Performance Testing a GraphQL API

This is a guest post by Bob Reselman.

GraphQL is an API architecture that was created and used at Facebook starting in 2012 in order to improve the way it delivered its News Feed data. The technology has enjoyed significant adoption since going open source in 2015, and today GraphQL is powering APIs from companies such as Atlassian, Credit Karma, GitHub, Intuit, KLM, Pinterest, Shopify, The New York Times, WordPress and Yelp.

Facebook created GraphQL as a specification that has been implemented in a number of technologies, such as Node.js, Ruby, Python, PHP, Java, and C#.

GraphQL is a transformational technology. It requires a new understanding of API design as well as API testing, particularly in terms of performance testing.

Addressing Static Data Structures and Recursive Queries

GraphQL attempts to address two sets of issues developers encounter when using an API: the issue created by the immutable nature of data structures typically returned by an API, and the issue of recursive queries. Recursive queries are continuous calls back to an API in order to create a data set that is useful. Let’s take a look at an example scenario illustrating these issues.
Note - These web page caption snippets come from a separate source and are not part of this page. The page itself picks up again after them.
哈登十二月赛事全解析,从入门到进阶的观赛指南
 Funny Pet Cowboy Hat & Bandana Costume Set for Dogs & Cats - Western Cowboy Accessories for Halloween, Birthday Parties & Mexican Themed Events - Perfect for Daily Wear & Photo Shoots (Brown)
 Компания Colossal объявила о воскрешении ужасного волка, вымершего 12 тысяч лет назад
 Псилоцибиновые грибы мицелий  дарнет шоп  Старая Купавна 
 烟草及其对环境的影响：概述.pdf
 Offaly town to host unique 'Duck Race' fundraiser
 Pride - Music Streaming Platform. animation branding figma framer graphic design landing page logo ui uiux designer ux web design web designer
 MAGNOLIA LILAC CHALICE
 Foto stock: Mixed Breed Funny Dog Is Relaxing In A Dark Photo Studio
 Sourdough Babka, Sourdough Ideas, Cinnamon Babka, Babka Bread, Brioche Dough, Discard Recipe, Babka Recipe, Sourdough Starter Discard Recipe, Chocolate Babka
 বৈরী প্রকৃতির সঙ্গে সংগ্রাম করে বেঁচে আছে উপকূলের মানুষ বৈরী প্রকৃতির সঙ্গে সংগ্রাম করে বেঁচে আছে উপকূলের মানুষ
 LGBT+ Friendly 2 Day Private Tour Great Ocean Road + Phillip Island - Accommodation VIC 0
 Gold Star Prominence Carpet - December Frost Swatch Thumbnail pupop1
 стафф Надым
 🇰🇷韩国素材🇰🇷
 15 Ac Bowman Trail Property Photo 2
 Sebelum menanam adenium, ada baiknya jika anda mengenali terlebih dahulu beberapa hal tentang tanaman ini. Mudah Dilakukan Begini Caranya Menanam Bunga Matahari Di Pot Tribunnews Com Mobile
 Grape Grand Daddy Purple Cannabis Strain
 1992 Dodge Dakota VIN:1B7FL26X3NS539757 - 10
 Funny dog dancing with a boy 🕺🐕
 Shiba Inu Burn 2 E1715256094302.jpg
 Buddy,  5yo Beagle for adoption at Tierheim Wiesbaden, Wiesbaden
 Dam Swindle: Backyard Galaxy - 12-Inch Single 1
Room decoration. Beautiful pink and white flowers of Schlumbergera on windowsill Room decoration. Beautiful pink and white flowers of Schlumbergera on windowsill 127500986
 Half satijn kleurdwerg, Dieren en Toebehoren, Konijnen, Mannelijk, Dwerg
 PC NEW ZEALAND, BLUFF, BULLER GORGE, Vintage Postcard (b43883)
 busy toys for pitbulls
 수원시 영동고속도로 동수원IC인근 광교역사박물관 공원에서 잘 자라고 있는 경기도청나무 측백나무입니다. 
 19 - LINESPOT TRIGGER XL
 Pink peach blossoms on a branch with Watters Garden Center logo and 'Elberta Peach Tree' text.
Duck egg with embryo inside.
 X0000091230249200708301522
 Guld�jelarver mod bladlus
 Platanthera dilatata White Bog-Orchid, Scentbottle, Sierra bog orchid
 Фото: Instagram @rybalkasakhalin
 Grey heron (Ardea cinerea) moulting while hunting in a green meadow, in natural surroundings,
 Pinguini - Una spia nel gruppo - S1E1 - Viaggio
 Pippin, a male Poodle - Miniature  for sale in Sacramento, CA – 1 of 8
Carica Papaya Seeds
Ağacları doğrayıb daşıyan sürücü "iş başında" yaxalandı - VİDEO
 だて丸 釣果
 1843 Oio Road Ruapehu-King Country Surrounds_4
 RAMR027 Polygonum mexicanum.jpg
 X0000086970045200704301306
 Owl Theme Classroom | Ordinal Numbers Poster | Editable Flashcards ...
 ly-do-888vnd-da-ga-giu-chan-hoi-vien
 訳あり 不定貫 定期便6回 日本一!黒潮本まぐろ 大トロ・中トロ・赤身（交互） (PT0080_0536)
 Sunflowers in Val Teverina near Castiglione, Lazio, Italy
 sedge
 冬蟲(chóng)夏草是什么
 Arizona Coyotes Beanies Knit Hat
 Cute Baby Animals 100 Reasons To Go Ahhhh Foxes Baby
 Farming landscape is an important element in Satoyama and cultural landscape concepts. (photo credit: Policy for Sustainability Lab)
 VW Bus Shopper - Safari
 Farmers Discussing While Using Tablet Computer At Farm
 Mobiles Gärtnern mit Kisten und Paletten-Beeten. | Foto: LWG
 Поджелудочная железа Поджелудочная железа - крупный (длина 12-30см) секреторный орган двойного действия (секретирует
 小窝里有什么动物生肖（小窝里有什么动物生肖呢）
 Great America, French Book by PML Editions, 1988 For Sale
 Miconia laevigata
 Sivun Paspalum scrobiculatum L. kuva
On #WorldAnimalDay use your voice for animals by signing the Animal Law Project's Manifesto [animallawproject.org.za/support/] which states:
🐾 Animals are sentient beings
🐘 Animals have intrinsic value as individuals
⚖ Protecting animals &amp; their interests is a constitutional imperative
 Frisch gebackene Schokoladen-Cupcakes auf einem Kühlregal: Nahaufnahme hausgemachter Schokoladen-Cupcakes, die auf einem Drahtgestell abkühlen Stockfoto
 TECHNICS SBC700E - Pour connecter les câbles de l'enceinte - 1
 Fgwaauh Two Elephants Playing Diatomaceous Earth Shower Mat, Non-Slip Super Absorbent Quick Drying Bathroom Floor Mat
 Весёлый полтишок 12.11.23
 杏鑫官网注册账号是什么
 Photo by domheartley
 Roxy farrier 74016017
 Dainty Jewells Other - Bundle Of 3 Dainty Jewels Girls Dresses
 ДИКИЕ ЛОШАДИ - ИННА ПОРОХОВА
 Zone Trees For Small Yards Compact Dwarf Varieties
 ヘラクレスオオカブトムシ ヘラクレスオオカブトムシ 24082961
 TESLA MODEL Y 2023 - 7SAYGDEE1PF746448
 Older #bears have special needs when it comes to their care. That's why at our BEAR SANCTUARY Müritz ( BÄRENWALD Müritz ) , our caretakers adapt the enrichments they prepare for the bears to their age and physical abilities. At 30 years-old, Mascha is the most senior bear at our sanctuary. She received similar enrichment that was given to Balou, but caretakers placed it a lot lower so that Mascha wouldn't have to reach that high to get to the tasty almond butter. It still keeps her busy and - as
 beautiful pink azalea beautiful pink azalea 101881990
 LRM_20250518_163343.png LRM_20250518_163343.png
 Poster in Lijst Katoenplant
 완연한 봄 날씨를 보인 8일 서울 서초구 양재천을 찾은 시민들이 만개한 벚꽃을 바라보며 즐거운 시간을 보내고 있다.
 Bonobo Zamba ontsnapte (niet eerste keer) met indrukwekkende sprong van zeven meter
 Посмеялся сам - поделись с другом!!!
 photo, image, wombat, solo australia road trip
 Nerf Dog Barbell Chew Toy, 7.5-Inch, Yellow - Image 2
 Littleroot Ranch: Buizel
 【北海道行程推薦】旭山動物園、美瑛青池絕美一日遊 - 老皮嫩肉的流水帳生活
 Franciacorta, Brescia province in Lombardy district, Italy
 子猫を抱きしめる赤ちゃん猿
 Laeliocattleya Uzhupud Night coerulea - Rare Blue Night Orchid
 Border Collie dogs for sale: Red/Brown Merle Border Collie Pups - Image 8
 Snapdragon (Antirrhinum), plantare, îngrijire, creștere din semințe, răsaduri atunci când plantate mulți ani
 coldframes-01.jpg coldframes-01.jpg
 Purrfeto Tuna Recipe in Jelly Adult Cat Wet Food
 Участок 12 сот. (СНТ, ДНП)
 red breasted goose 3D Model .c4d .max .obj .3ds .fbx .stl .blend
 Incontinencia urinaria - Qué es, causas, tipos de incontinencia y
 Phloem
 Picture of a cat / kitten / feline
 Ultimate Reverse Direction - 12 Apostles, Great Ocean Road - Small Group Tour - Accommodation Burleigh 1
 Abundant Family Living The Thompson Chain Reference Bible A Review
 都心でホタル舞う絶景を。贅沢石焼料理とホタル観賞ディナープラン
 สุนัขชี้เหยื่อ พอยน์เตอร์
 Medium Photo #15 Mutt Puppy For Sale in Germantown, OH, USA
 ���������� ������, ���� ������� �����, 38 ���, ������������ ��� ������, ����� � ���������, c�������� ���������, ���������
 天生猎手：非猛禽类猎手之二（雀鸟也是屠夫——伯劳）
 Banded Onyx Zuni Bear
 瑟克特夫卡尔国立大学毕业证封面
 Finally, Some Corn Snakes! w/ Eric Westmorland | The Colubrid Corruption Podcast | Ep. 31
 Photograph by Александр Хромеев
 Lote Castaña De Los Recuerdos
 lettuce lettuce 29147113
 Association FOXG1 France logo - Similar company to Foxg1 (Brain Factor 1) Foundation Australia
Imagine that I have to implement an application feature that allows users to search for books according to a particular author and then publish the details of that author’s books. In this case, I’ll use the public API published by Open Library. The Open Library API is REST(ful), so in order to get the book information according to a particular author, I query Open Library’s search API by creating a URL, like so:

http://openlibrary.org/search.json?author=charles+bukowski

This will return book data related to the author Charles Bukowski. An excerpt of the response is shown below:

Sample listing: A REST API typically returns data according to a predefined data structure

Notice that the API returns a lot of data. Some of the data is directly relevant to the books the author has written, but there’s also data that’s extraneous to books.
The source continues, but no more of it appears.